When I talk to people in the industry about this, their eyes get big, their lips purse, and they say in low tones “Whoa – what would Microsoft (MSFT) do in that case?” After having a delightfully speculative discussion about how much Ellison would enjoy becoming Steve Ballmer’s worst nightmare, though, the question comes to China.
The China Response
China probably needs more enterprise IT than any other country in the world, by virtue not only of the sheer number of tech-handicapped companies in the PRC, but also how many still do everything on abacuses and paper or Excel spreadsheets. Experience suggests that a company able to offer simplified, integrated solutions delivered ready to configure for the specifics of each firm would have a massive market in China. And the first one to do it would have the market to itself for some time.
That would first depend on how Oracle would price the offering. There are circumstances when Chinese enterprises have proven themselves willing to pay a premium for a product or service, but the tendency is to look first at price.
The automatic cachet of going with the big global company no longer exists: major foreign IT suppliers are assumed to be overpriced, and have the burden to prove otherwise, especially in the face of local companies offering “almost-as-good” solutions for a fraction of the cost.
Oracle would need to price aggressively to succeed with an integrated offering in China. That sort of thing tends to mean lower overall margins, which I would suggest is the direction things are headed in enterprise IT in China anyway.
Cultivating the Competition
Second would be how China saw this changing the overall competitive landscape in the global IT industry.

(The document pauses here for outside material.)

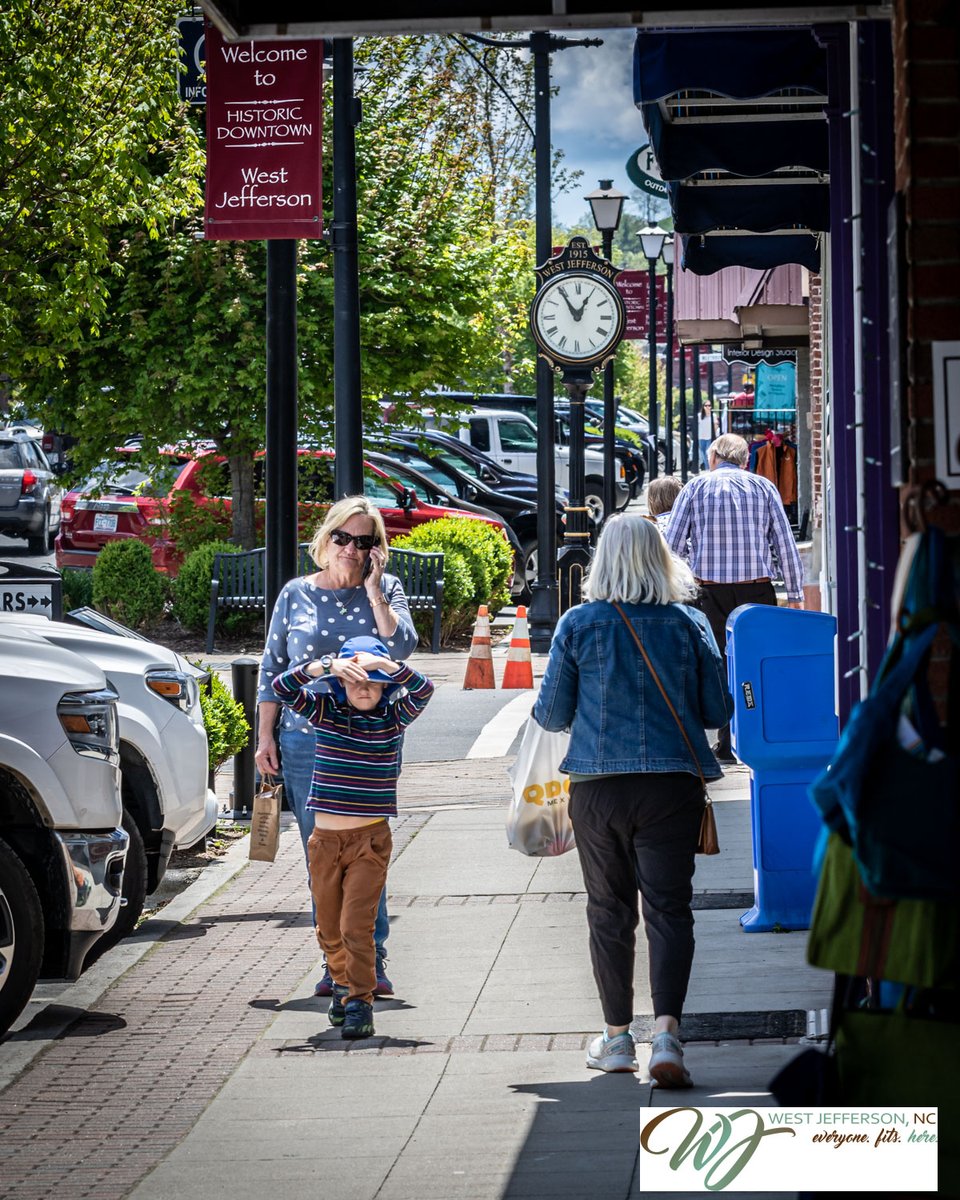 Lots to do for Old and Young in beautiful West Jefferson! 😍✌️

#westjefferson #ashecountync #ashecounty #blueridgemountains #weekendgetaway #onlyinnc #lovenc #thecoolestcorner #ncmountains #ncsmalltowns #mountainlife #celebratenc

You can expect China’s regulators would demand the opportunity to review and approve a merger of this size, alongside their European and American counterparts.
What would be harder to gauge is the industrial response, and this is where I think it gets interesting. Many key policymakers in Beijing understand, at least intellectually, that really good corporate information technology infrastructure is going to be essential to China creating globally competitive multinational firms of its own.
At the same time, the idea of exporting boatloads of cash to foreign IT vendors does not sit well with local leaders. If China sees the consolidation of the global IT business as a threat to China’s own fledgeling enterprise IT industry, expect Beijing to raise shields.
Such barriers could take many forms. But if history is a guide, China would want to have their own national champion to serve as a foil to a global enterprise IT giant.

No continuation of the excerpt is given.